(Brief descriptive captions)
===

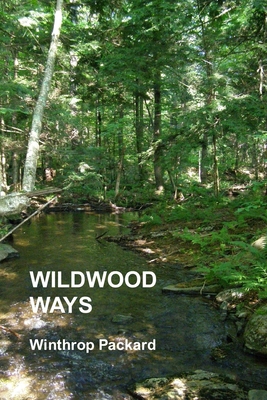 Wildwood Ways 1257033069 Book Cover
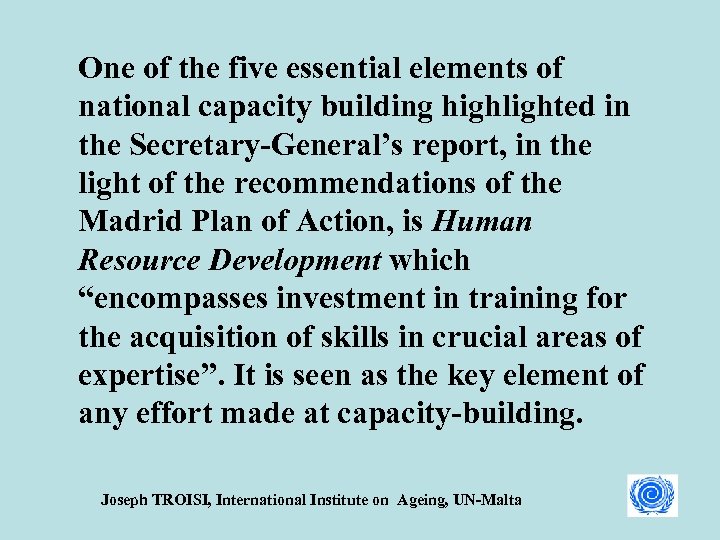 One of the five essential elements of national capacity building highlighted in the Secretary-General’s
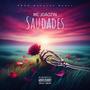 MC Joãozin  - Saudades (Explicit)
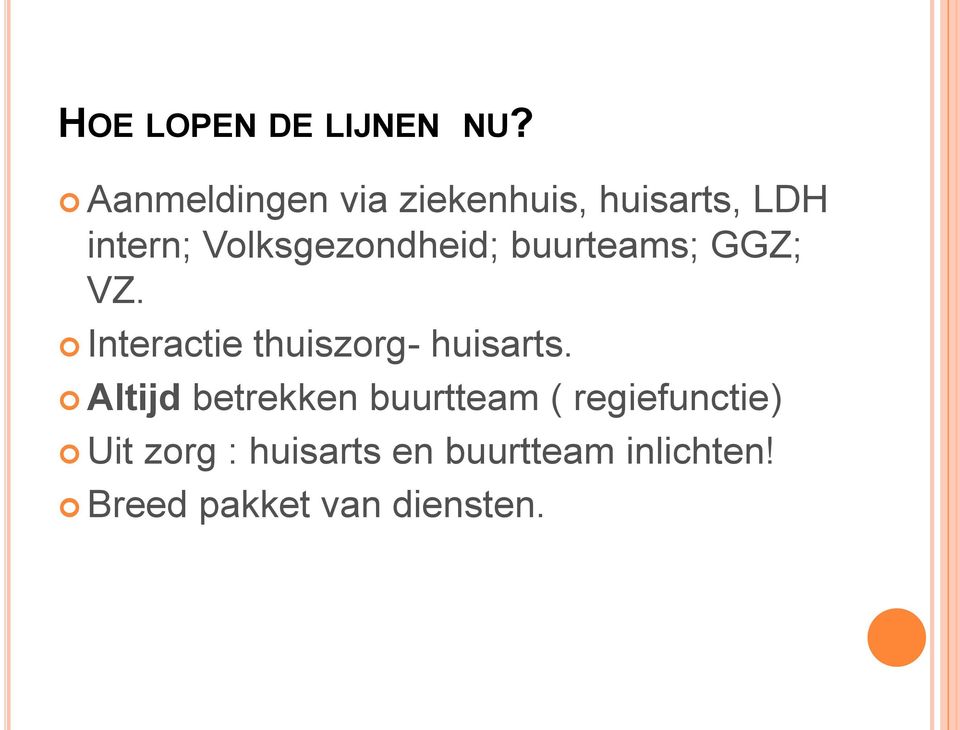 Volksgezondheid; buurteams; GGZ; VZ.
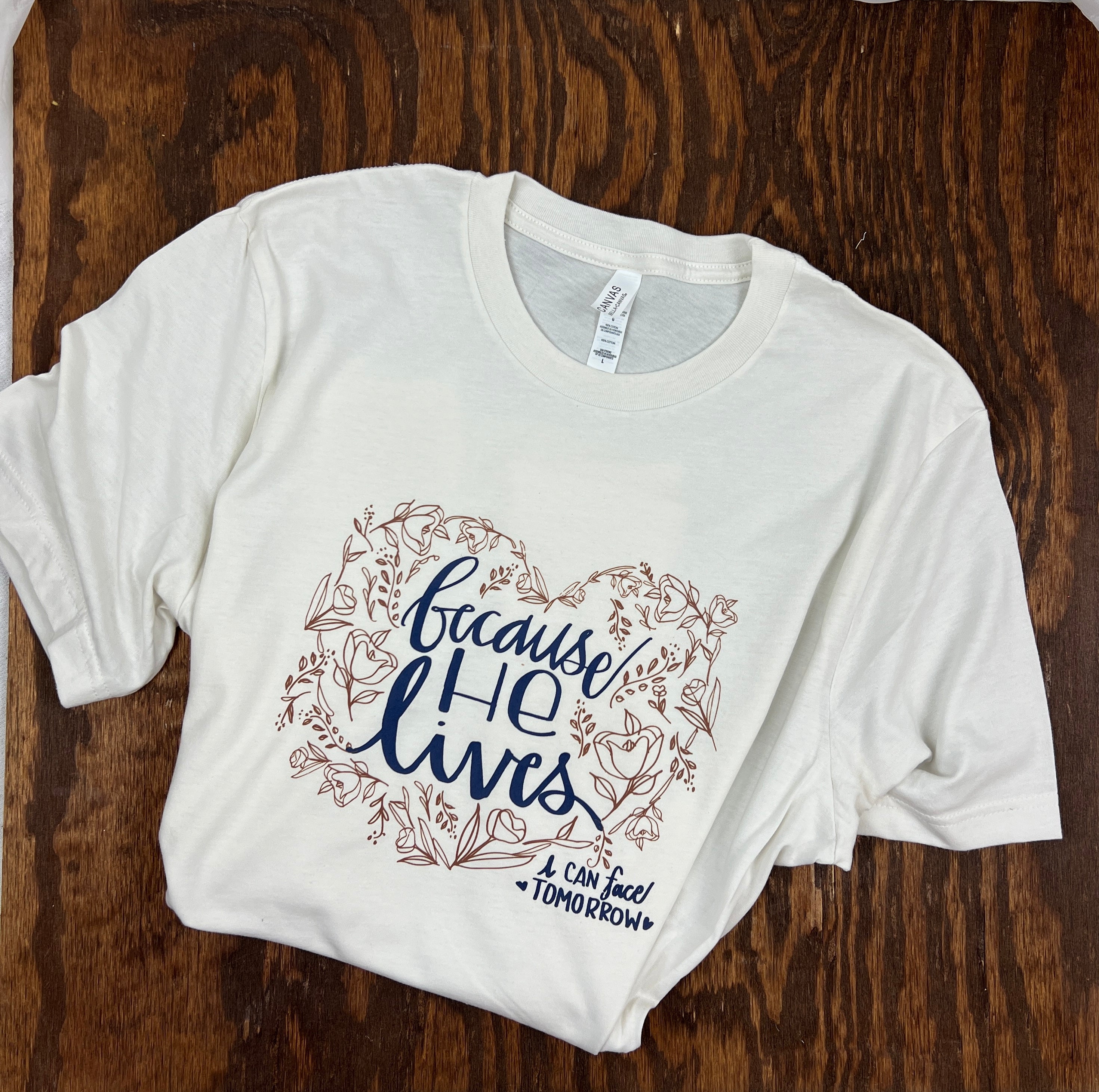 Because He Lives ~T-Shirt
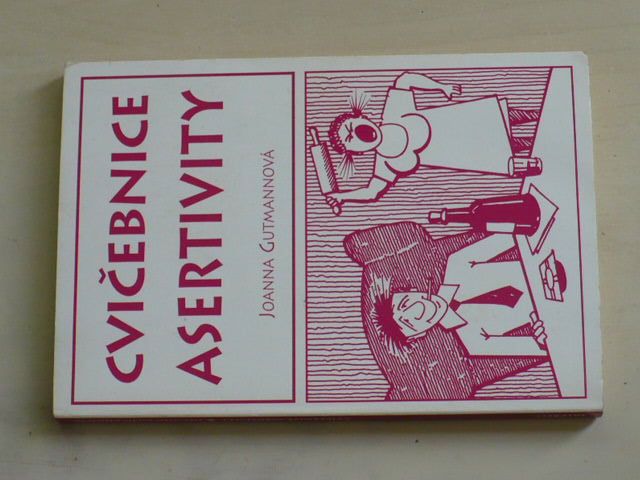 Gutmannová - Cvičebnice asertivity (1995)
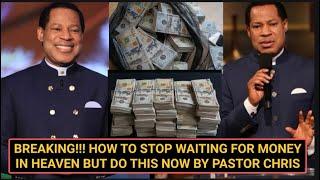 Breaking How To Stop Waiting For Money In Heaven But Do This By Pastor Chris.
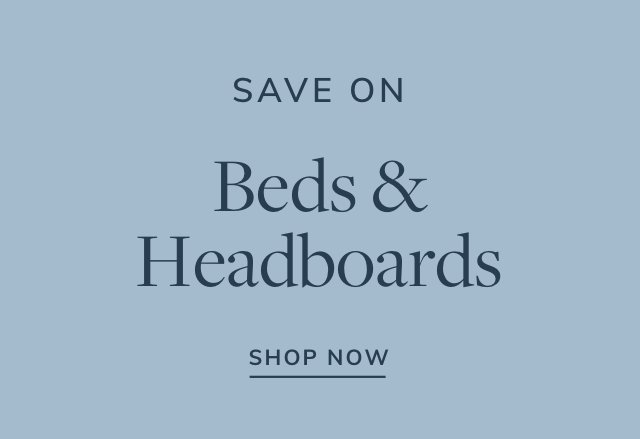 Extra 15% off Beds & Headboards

===

» PROBLEM REQUIREMENTS
Leaving out the pictures, restate word for word the lines above from the one containing "One of the five" through the end of the records, both ends included.

» REPLY
 One of the five essential elements of national capacity building highlighted in the Secretary-General’s
 MC Joãozin  - Saudades (Explicit)
 Volksgezondheid; buurteams; GGZ; VZ.
 Because He Lives ~T-Shirt
 Gutmannová - Cvičebnice asertivity (1995)
 Breaking How To Stop Waiting For Money In Heaven But Do This By Pastor Chris.
 Extra 15% off Beds & Headboards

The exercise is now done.